━━━ DATA EXTRACTS ━━━

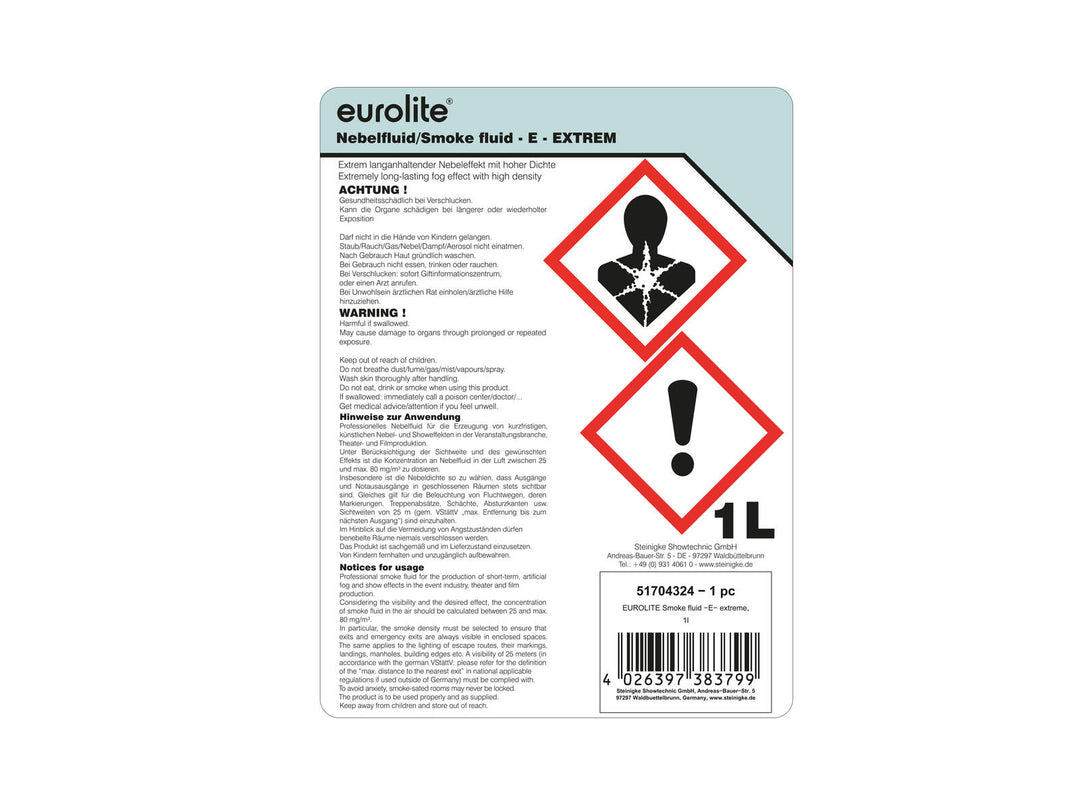 EUROLITE SMOKE FLUID -E- Extreme, 1 l rökmaskinsvätska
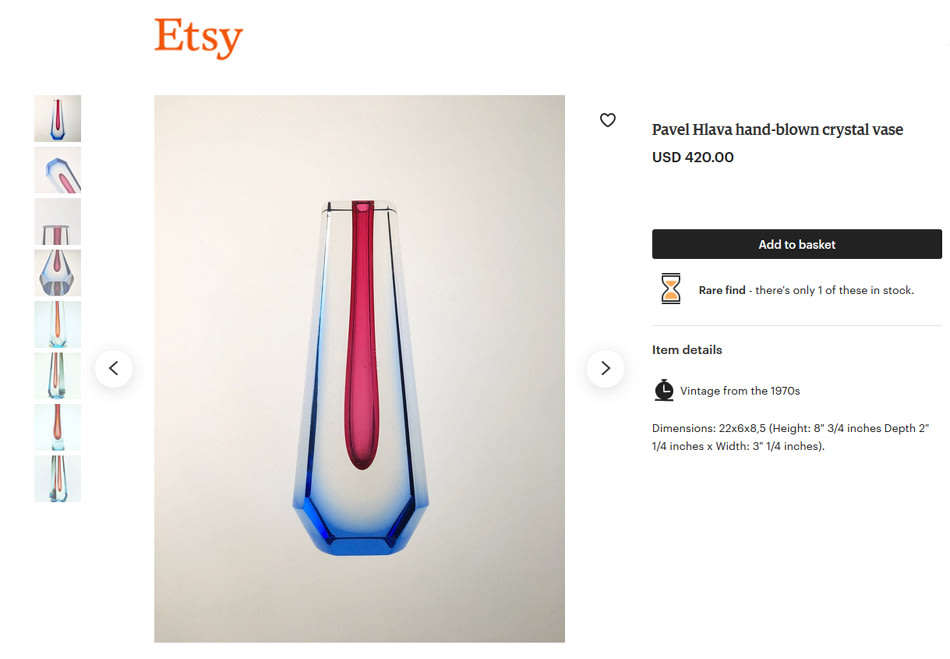 MUSEUM ITEM EXBOR BLUE & CLEAR CZECH GLASS SCULPTURAL VASE DESIGNED BY PAVEL HLAVA IN 1957/58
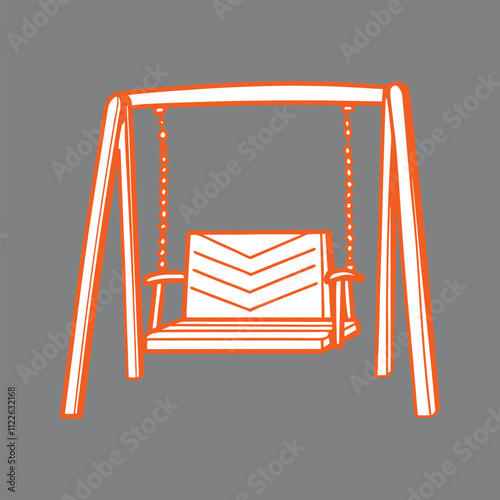 Minimalist porch swing illustration bright orange and white color scheme 
simple geometric shapes outdoor furniture design 2D vector graphic style
suspended bench seat iconic summer relaxation symbol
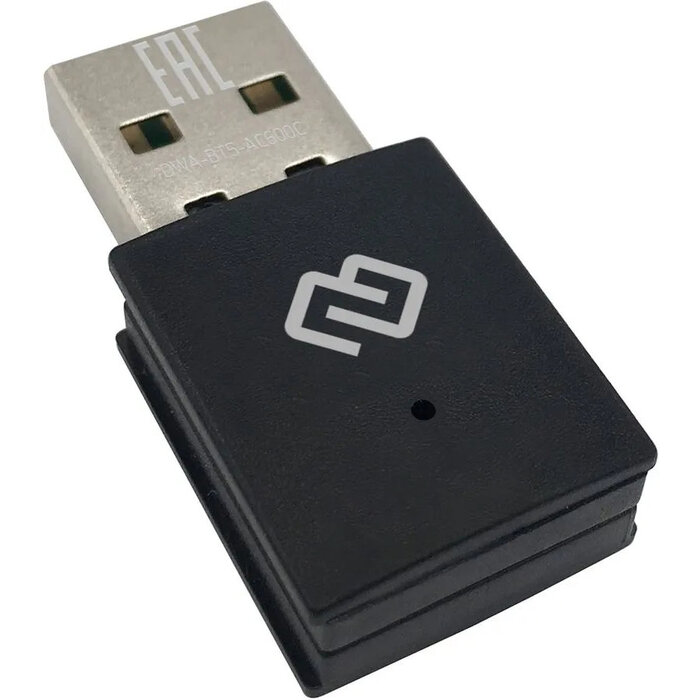 Wi-Fi адаптер Digma DWA-BT5-AC600C, Wi-Fi 5 + Bluetooth 5.0, Черный №1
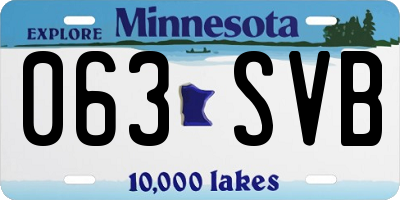 MN license plate 063SVB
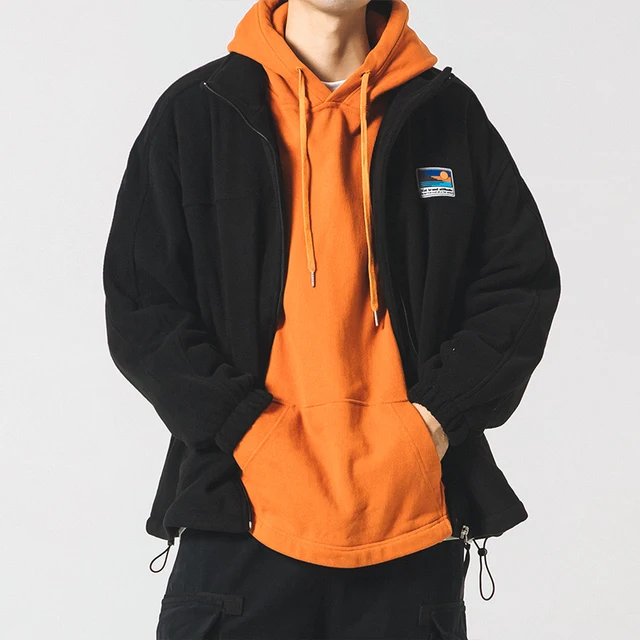 Streetwear sweatshirt with thick stand up collar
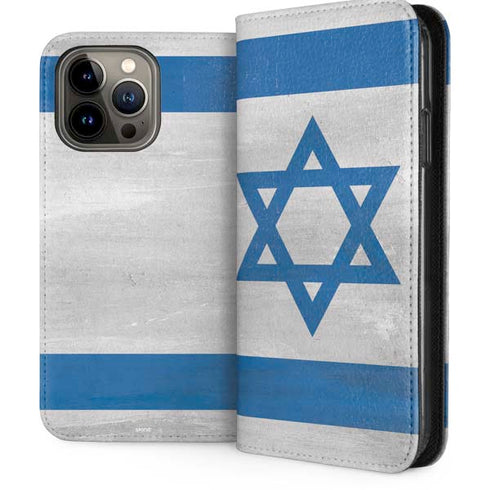 Israel Flag Distressed iPhone 14 Pro Max Folio Case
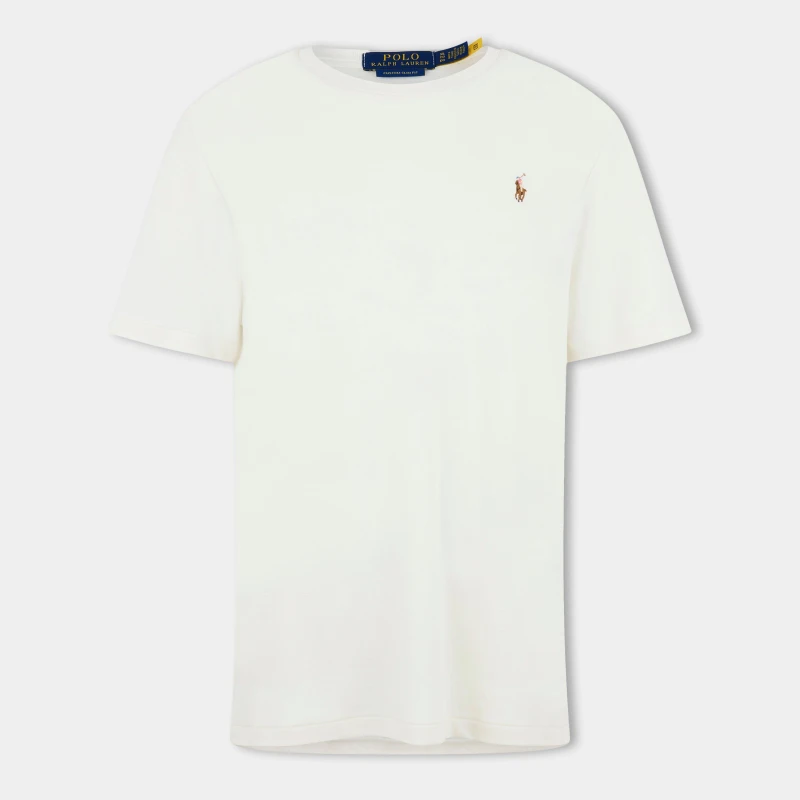 Image of Polo Ralph Lauren Mens Regular Fit Pima T-Shirt Pale Cream male S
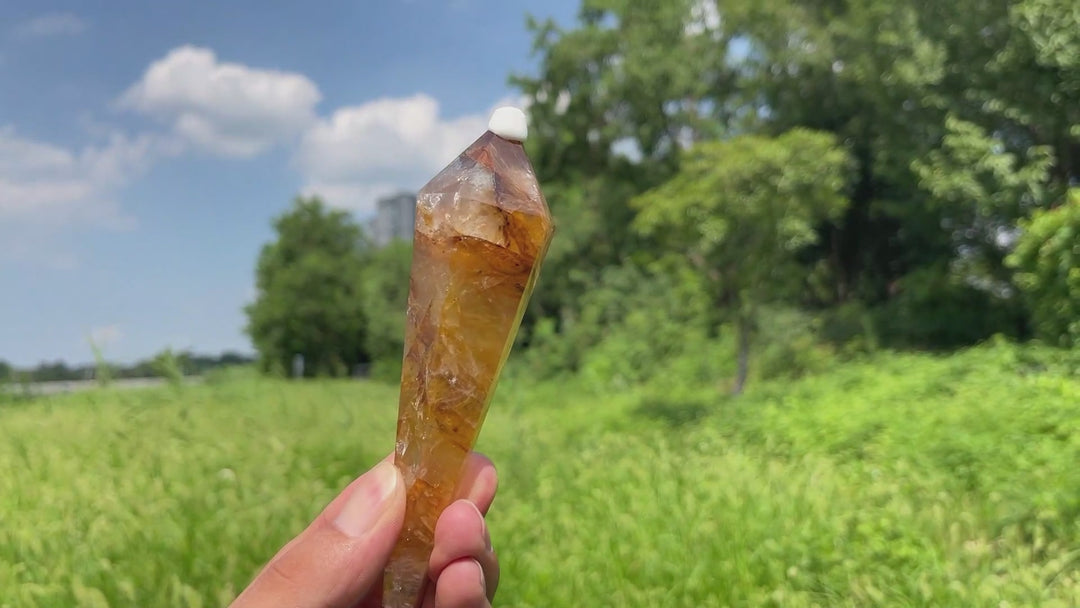 Unique,Natural Crystal Golden Healer Wand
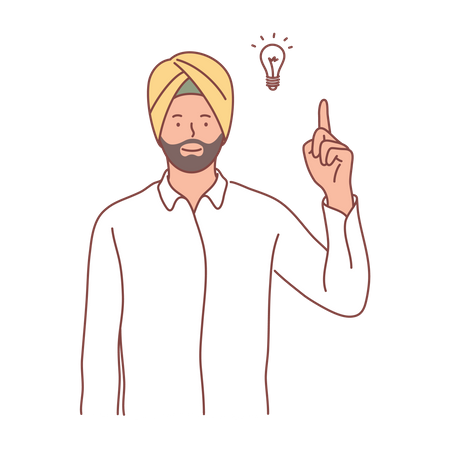 Panjabi man having idea  Illustration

━━━

Repeat each line of the material, unaltered, from the first through the line with "simple geometric shapes", and include no pictures.

 EUROLITE SMOKE FLUID -E- Extreme, 1 l rökmaskinsvätska
 MUSEUM ITEM EXBOR BLUE & CLEAR CZECH GLASS SCULPTURAL VASE DESIGNED BY PAVEL HLAVA IN 1957/58
 Minimalist porch swing illustration bright orange and white color scheme 
simple geometric shapes outdoor furniture design 2D vector graphic style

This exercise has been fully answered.